Less subtle and more belligerent in their demands in Palestine itself – often explicitly for the creation of a Jewish state rather than a mere national home – were important elements of the East-European Zionist leadership in Palestine itself, most notably the so-called “Revisionist” Zionists. Ronald Storrs records his dealings, as military governor of Jerusalem, with Menahem Ussishkin, Weizmann`s Russian successor as head of the Zionist Commission: “open in his opinion and tactics, he was known even among his own people as Menahem Pasha. To us he might well have been Czar Menahem; and when he was announced for an interview I braced myself to take my punishment like a man…”.
The Zionist leadership in Jerusalem, moreover, made much use of back channels to London, the 1920 Palin Commission commenting on “a tendency to put pressure on the [Palestine] Administration through the influence of their home organisation with the British Government, when they had failed to persuade the Administration to adopt their views directly….They are ready to use their powerful foreign and home influence to force the hand of this or any future Administration”. Plus ca change….
To conclude: establishing inalienable facts-on-the-ground, and lobbying relentlessly in London and Jerusalem, as the strategic Zionist responses to the fragility of Balfour in its earliest years
– producing immediate success in the sense that the national home survived, but failing to overcome a chronic sense of unease
– this in turn leading to a continuation of both practices throughout the 20s, 30s, and beyond, recording a major, last-minute triumph in 1931 with the government`s abandonment of its Passfield White Paper and intended restrictions on Jewish immigration into Palestine;
– suffering what was seen by Zionists as a major setback with the 1939 St James`s Palace Conference and the consequent MacDonald White Paper of that year – part and parcel, in Weizmann`s angry perception, of the Chamberlain government`s twinned policy of appeasement, Arabs as well as Nazis being the beneficiaries;
– but reviving, to generally successful, crude effect in new forms after the war (notably around the Israeli state) and new directions of lobbying into the 1940s and through to the present day.

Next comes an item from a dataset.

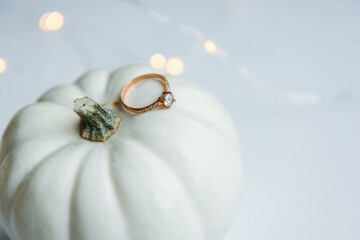 Autumn wedding. There is an engagement ring on the white pumpkin. White isolated background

If there is a lesson to be learned from all this – widening the focus to the whole general history of European imperialism in the 19th and 20th centuries (on which Zionism of course rode) – it is that the systemic combination of power and insecurity can be lethal in relation to the rights of politically exposed and racially disparaged societies. Arguably, there was more insecurity than power for the Zionists in the early post-Balfour days; arguably, today, it is the other way round – with much of the sense of insecurity wilfully and tendentiously contrived (as, grotesquely, with Netanyahu`s recent blaming of the Holocaust on Palestinians). But the fateful combination has always been there, and it gives pause to any notion that mere moral rightness, however justified in relation to painful long-running historical circumstance, can ever hope to win the day. International history does not do either sentiment or morality.